A judge has blocked an Arkansas law that bans the production and sales of products that contain Delta 8, Delta 9, and Delta 10 THC.

LITTLE ROCK, Ark. — A federal judge has blocked an Arkansas law from being enforced that would have banned the sale of Delta 8 THC and other similar products on Thursday, Sept. 7.

U.S. District Judge Billy Roy Wilson's ruling stops the enforcement of Act 629, which was passed in the 2023 legislative session and banned sales and production of items containing Delta 8, Delta 9, and Delta 10 in the state.

The lawsuit was filed the day before the act went into effect by four businesses: Bio Gen LLC; Drippers Vape Shop LLC; The Cigarette Store LLC; and Sky Marketing Corp.

Lawyers representing those businesses argued that the law was "unconstitutionally vague" and that it was "preempted" by the 2018 Farm Bill.
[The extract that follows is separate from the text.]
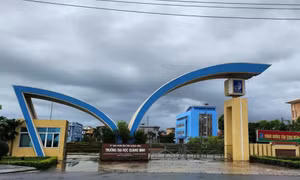 120 viên chức, người lao động tại Trường Đại học Quảng Bình bị nợ lương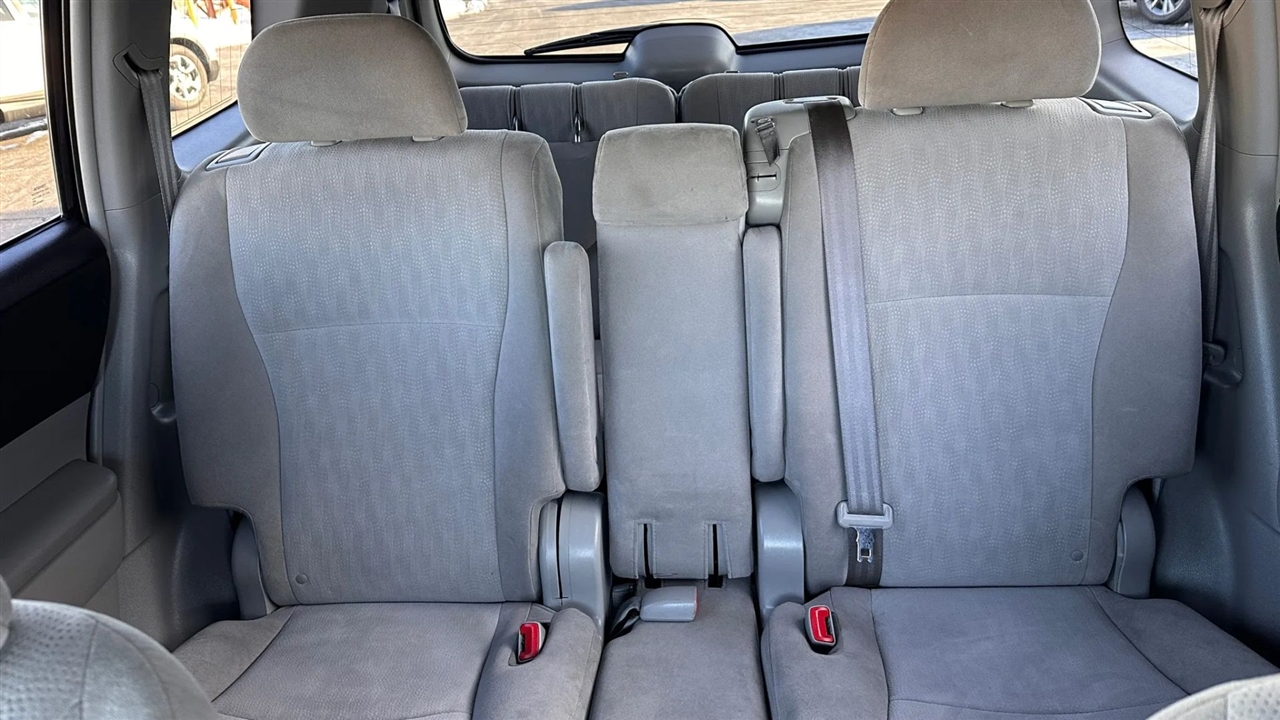 Toyota Highlander Base 4WD 2013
In 2018, then President Donald Trump signed that bill into law which removed hemp from the federal controlled substances list and allowed states to "regulate hemp production based on a state or tribal plan." 
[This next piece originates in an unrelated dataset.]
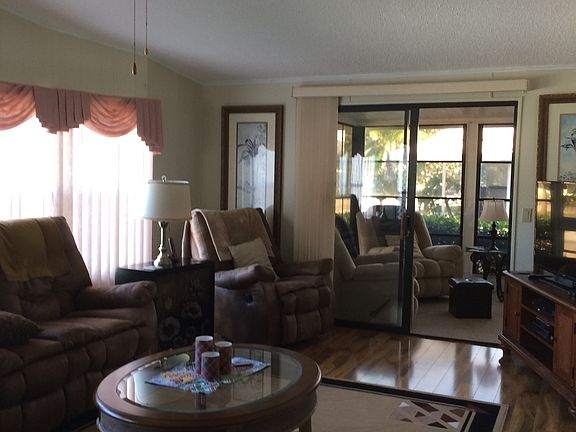 2nd image of 6450 Lichfield Ln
The bill also expanded the definition of hemp to include "the plant Cannabis sativa L. and any part of that plant, including the seeds thereof and all derivatives, extracts, cannabinoids, isomers, acids, salts, and salts of isomers, whether growing or not, with a delta-9 tetrahydrocannabinol concentration of not more than 0.3% on a dry weight basis.”

In his ruling, Wilson noted that while the state can pass restrictive laws on hemp production in Arkansas, restricting transportation of those items through the state would violate federal law. He also stated that the legislature seemed to "keep the parts of the program it likes (purely industrial uses) and eliminate the parts it doesn’t (human consumption)."

"Arkansas law criminalizes hemp derived products without an effective exemption for interstate commerce," Wilson said.

Wilson also said that Act 629 would confuse "even an exceptionally intelligent reader." He cited that some phrases like "continuous transportation", "psychoactive substances", and "synthetic substance" are vague and don't include definitions in the law. 

He also noted that parts of the law focused on misuse, overdose, and accidental overconsumption makes it hard for "the typical person to know what to do" and if they guess wrong, "the consequences are potential criminal punishment."

He ruled that the plaintiffs are likely to suffer "irreparable harm" and any monetary damages cannot be measured or calculated reliably.

The judge granted the preliminary injunction, which blocks the enforcement of the law and denied the state's request to dismiss the case. Wilson set a trial for August 27, 2024.